Q: What’s your best failure?
A: I think that my best failure would be underestimating the demands and support that we have received as the ecommerce climate has changed. We’ve really been fortunate as an apparel brand that has specialized in loungewear, predominantly luxury loungewear.
Now, more than ever, people are purchasing something that they can wear at home for work, for school, or for whatever else, but they’ve been confined to their house. So, we’ve seen our demand skyrocket, and that really puts us in a position where we have to scale our production, customer service, ecommerce, and fulfillment teams at a really unprecedented rate. These roles are obviously in-demand for a lot of other companies as well, making it a bit of a difficult task to fill these roles quickly and be able to meet the demands on time.
The best way that we went about handling this was being really transparent with our customers. We proactively told them about our delivery delays, when they could expect their product, and that we were going to be entirely transparent about their orders. We built the process so that they knew exactly when they were going to be able to receive their product despite all the complications—whether it was in staffing or shipping logistics.
Q: How have you pivoted during the pandemic?

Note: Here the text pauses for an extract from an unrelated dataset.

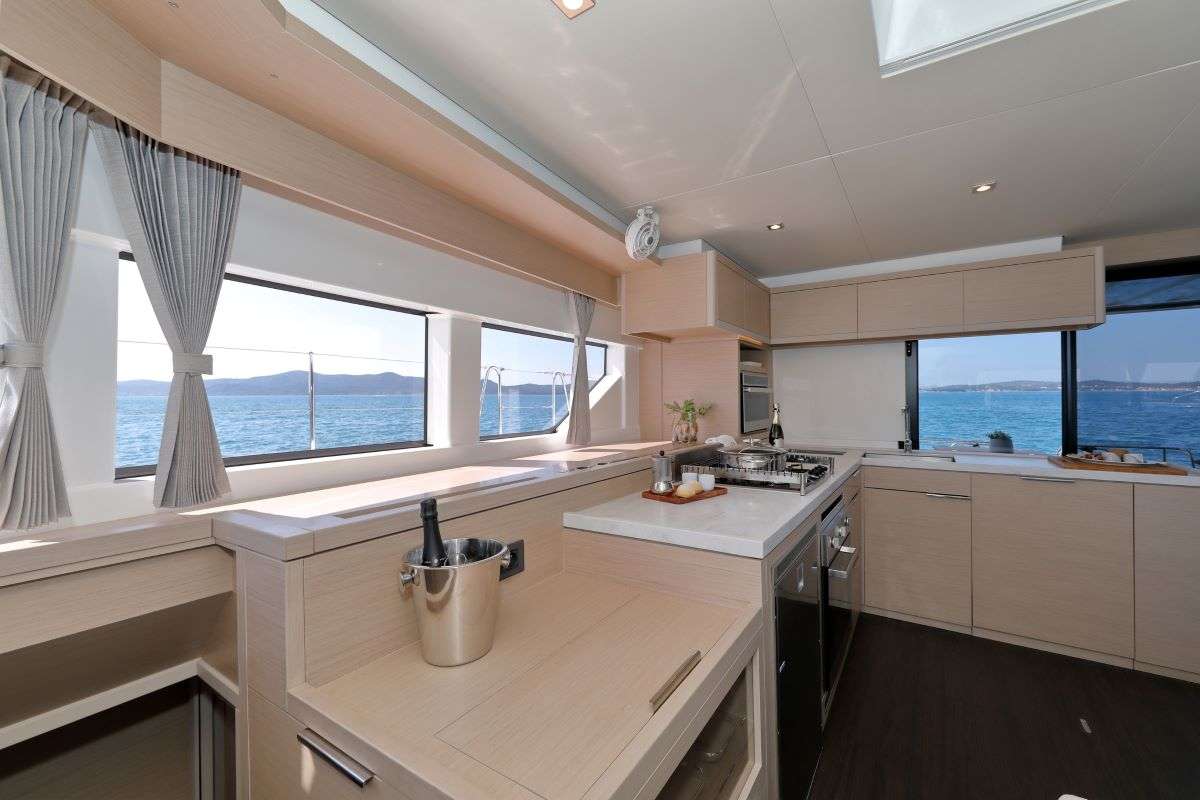 Lagoon 55 - 4 + 2 cab. — photo 11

A: Our strategy has pivoted a lot, focusing on our core collections that have been stable since the beginning of Aviator Nation. We really tapped into our community surrounding brick-and-mortar locations, and I’ve worked to make buying as easy as possible with an omnichannel strategy to get our consumers what they want—whether they’re more comfortable having goods shipped directly to their house, picking it up in-store, or trying it on in-store.
We’ve just been working with our consumers directly and understanding what their needs and expectations are. It’s been the focus of this last year for us. We opened up the doors of communication, as well, through our social media platforms by socializing and engaging our customers in different ways to see what’s important to them. I think that, overall, in the fashion world, something we’re going to be seeing here at Aviator, and potentially across the board, is moving back toward a period of time where there were one or two seasons or one or two collections—a spring/summer collection and a fall/winter collection—versus the prior fast-fashion trend with up to eight different seasons per year.
We’re really going to be scaling that back as we see and are reminded of what our core items are. Those items that are really timeless and practical—something that’s core to our DNA as a product that we need to change and keep on altering.